EXERCISE DIRECTIONS: With the pictures omitted, repeat exactly the lines below starting with the line that has "2001 Chevrolet Venture" and going on through the line that has "A collection of".

EXERCISE DATA:
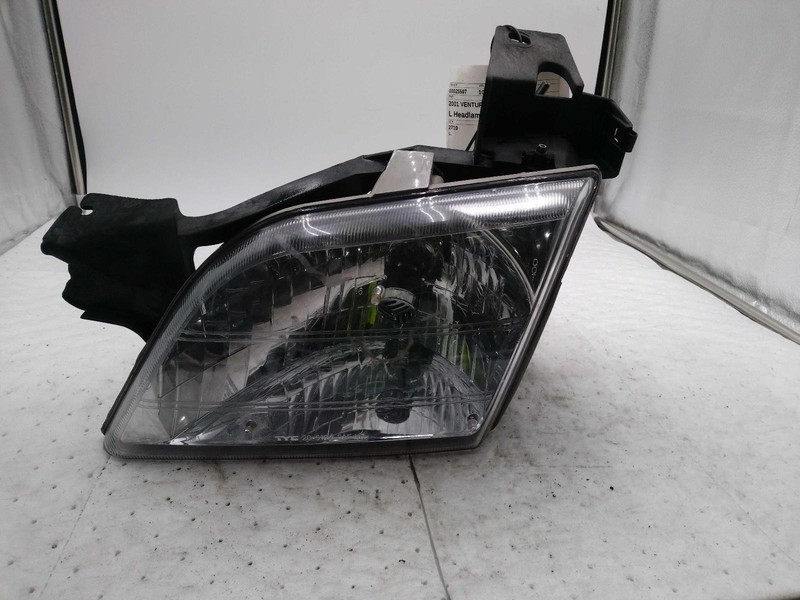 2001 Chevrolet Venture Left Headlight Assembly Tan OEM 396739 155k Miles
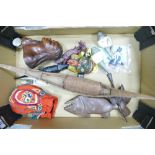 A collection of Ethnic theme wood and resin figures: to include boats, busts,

* * *

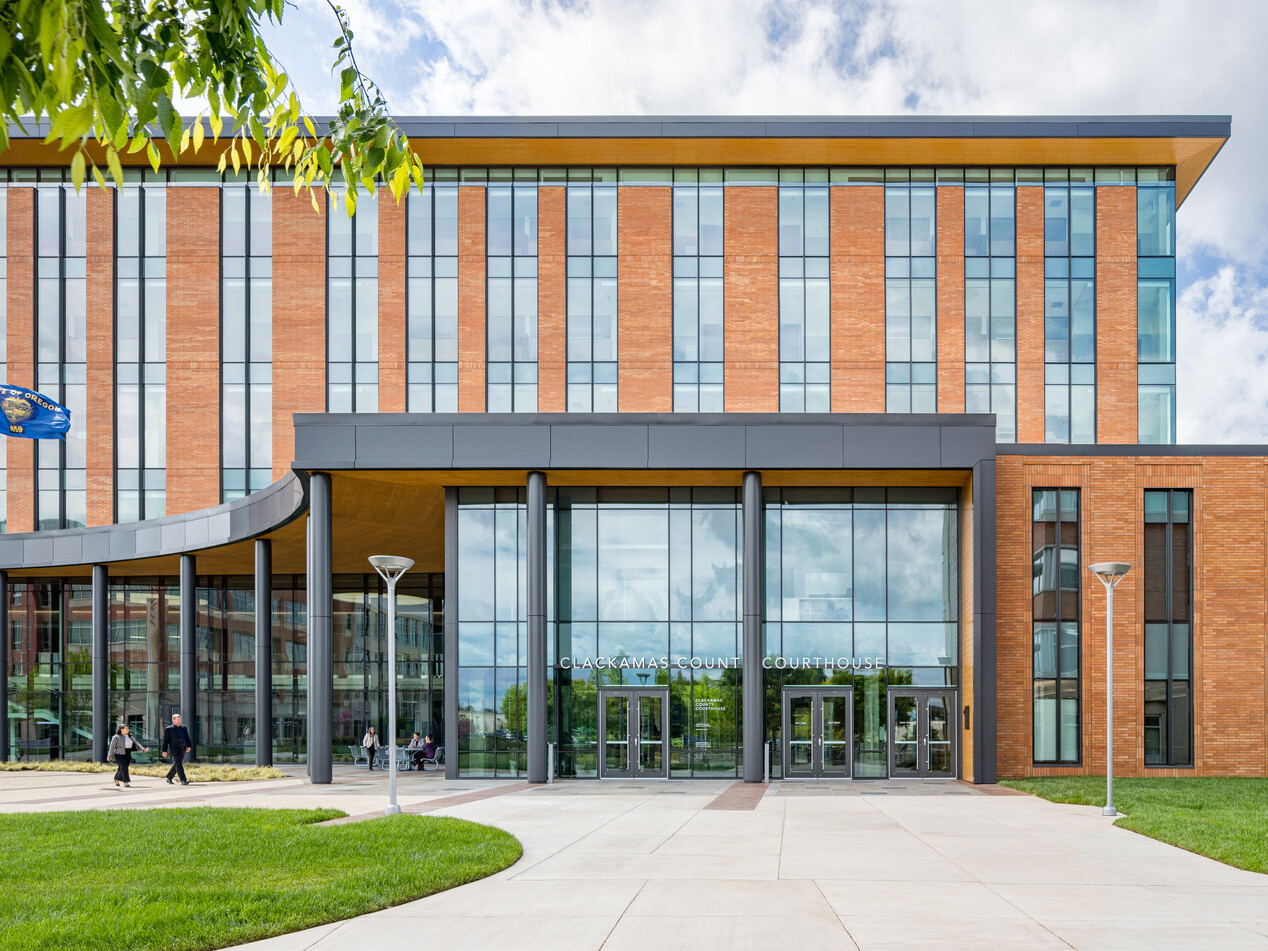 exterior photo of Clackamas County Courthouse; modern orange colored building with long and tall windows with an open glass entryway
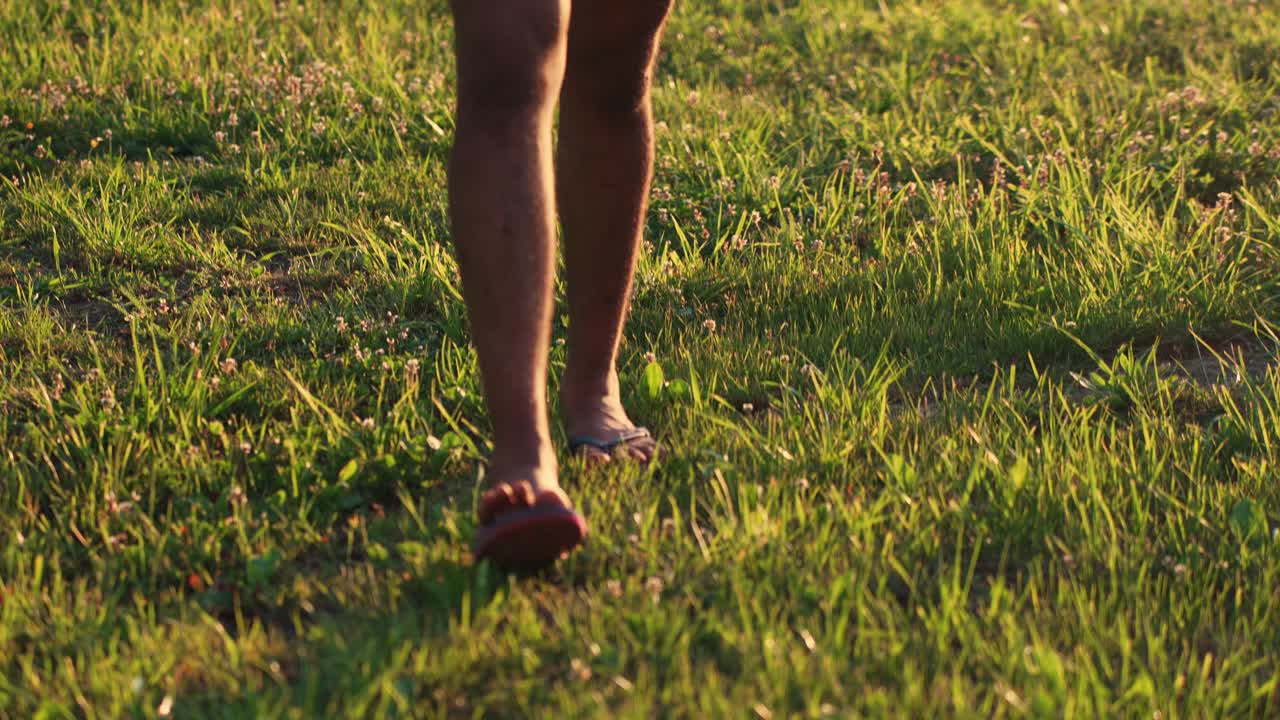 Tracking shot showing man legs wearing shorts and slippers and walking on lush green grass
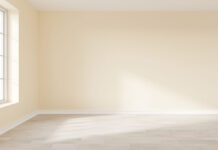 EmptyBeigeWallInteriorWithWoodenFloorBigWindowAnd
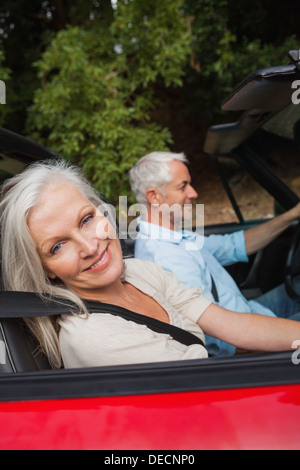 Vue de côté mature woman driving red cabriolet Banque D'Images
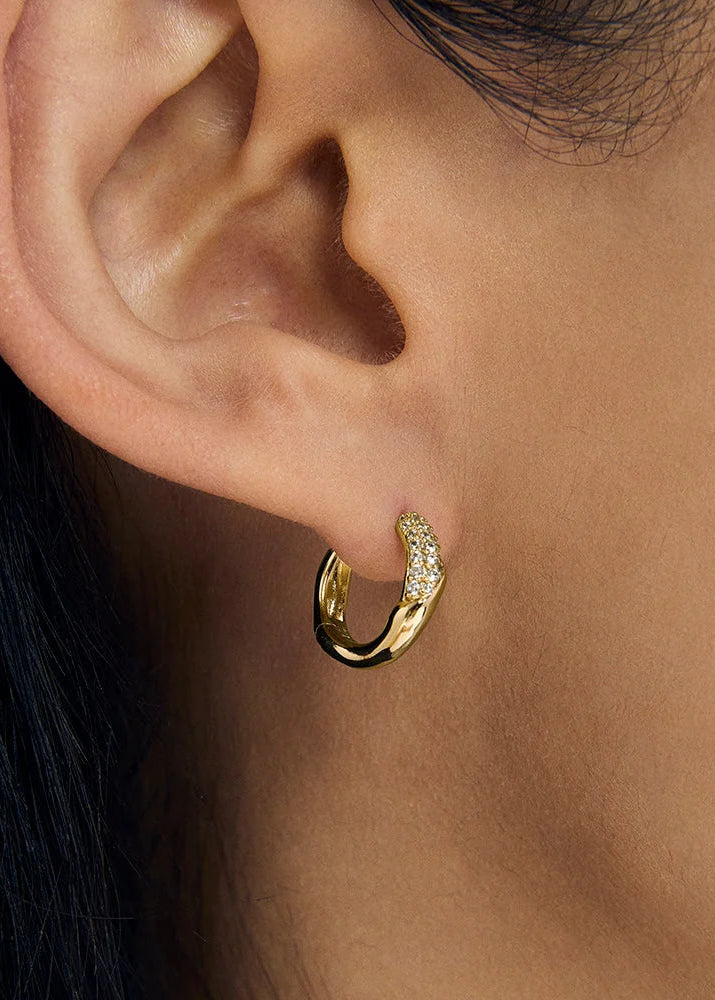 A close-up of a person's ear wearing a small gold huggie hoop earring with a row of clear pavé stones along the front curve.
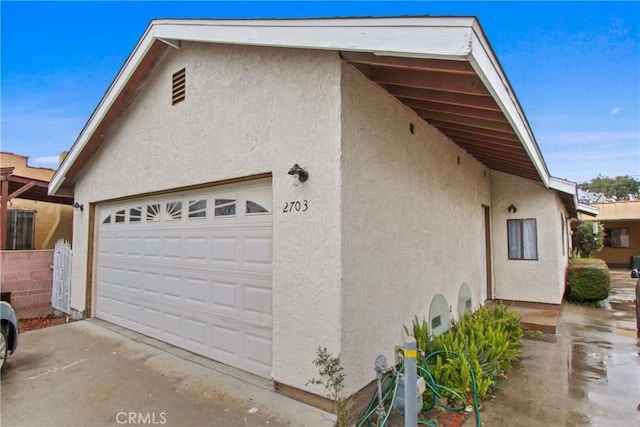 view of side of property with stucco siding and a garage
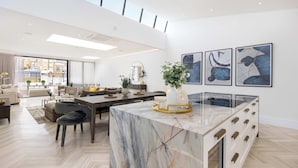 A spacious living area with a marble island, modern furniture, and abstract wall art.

--

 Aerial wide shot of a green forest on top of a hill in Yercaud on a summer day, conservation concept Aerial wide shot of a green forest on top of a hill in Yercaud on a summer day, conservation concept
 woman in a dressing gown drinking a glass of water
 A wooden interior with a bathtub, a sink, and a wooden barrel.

RESULT BELOW:
 2001 Chevrolet Venture Left Headlight Assembly Tan OEM 396739 155k Miles
 A collection of Ethnic theme wood and resin figures: to include boats, busts,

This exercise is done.